À mesa estavam líderes da Mara Salvatrucha e da Barrio 18, duas gangues rivais, das mais temidas do hemisfério, que disputavam à pólvora o mercado de droga e armas. Do outro lado, sentaram-se representantes da Igreja Católica, que se ofereceram como fiadores da paz. Fora dos holofotes, estava o governo de Mauricio Funes, que negou seu papel no acordo com a mesma veemência de alguém que esperava dele um milagre.
Foi um gesto extremo que trazia riscos enormes. Com 68 homicídios a cada 100 mil salvadorenhos, a terceira pior taxa no mundo, a explosão de violência fez refém essa pequena nação de 6,1 milhões de habitantes que rumava à ruína. Valia a pena fiar a paz na honra de bandidos?

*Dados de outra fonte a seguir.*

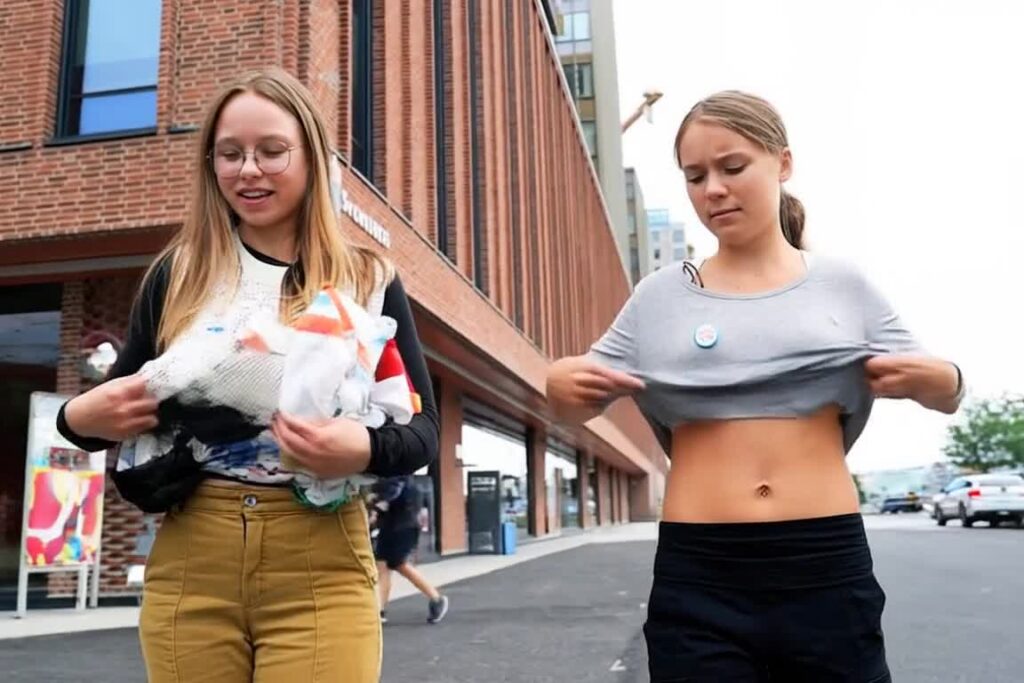 Video thumbnail for Greta Thunberg AI Video Digital Fictional - Nude AI Celebs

Hoje, dois anos depois, essa pergunta ainda ressoa pelo país, com eco nas Américas. No dia 2, os salvadorenhos elegerão o novo presidente. As pesquisas indicam a vantagem folgada do candidato governista. Ele conta com o embalo do presidente, que acaba o mandato com 60% de aprovação. O desempenho é surpreendente para quem conduziu o país sem brilho nem ousadia, fez pouco para estimular a economia - que cresce sofríveis 0,6% ao ano desde 2009 - e deixa uma dívida pública preocupante. Funes salvou-se, talvez, em razão dos investimentos sociais, que diminuíram a pobreza sem tocar na vasta desigualdade social, notória na região.
Arredio à critica e com pouco entusiasmo para mercados abertos, o presidente estreitou o comércio internacional e afastou investidores. Na escala de liberdade econômica, El Salvador mereceu a nota 66 da Heritage Foundation, relegando o país à décima primeira posição entre os latinos.

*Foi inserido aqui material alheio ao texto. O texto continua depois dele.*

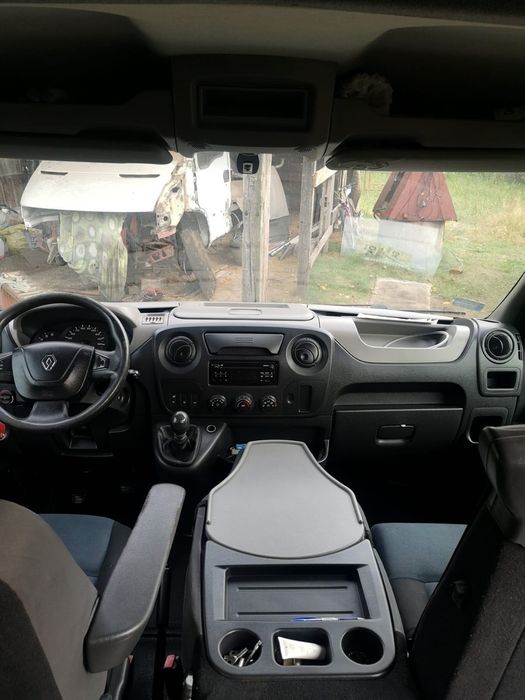 Renault Master Doka, Brygadówka, webasto, bagażnik dachowy, regał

Mas o fiel da balança na política salvadorenha pode ser a taxa cadente de violência. Após a polêmica, o pacto de gangues colheu resultados. O índice de homicídios recuou de forma dramática. Em 2011, mais de 11 pessoas tombavam assassinadas todos os dias, chegando a 14 na véspera da trégua. Ano passado, a média diária foi para 6,8. Embora a criminalidade tenha voltado a aumentar ligeiramente no início deste ano, a imagem de El Salvador como um pária da América Latina começa a se desfazer. A região está de olho.
Recentemente, dois negociadores do pacto de paz visitaram a prisão de San Pedro Sula, cidade mais violenta do mundo (187 homicídios por 100 mil habitantes), para um encontro com integrantes hondurenhos das gangues de El Salvador. A iniciativa partiu dos criminosos, que pediam ajuda da Organização dos Estados Americanos.
Até onde vai o pacto faustiano? Em El Salvador, criou-se um paradoxo. O governo jamais assumiu seu papel na negociação, que poupou mais de duas mil vidas em dois anos, embora não hesite em tentar faturar com seu êxito.
A sociedade agradece a trégua mas não confia nela. Dissidentes receiam que o país vire prisioneiro dos prisioneiros, que podem matar ou não dependendo das concessões e mordomias que consigam espremer.
Segundo o jornal El Faro, que escancarou o pacto oculto em 2012, uma delas já foi concedida e foi fundamental para "comprar" a paz. Foi a transferência dos líderes criminosos da segurança máxima para cadeias menos rígidas, com direito a visitas conjugais e telefones celulares. Imediatamente, os assassinatos caíram. O país comemorou - discretamente. Na lógica faustiana, o que cai também pode subir.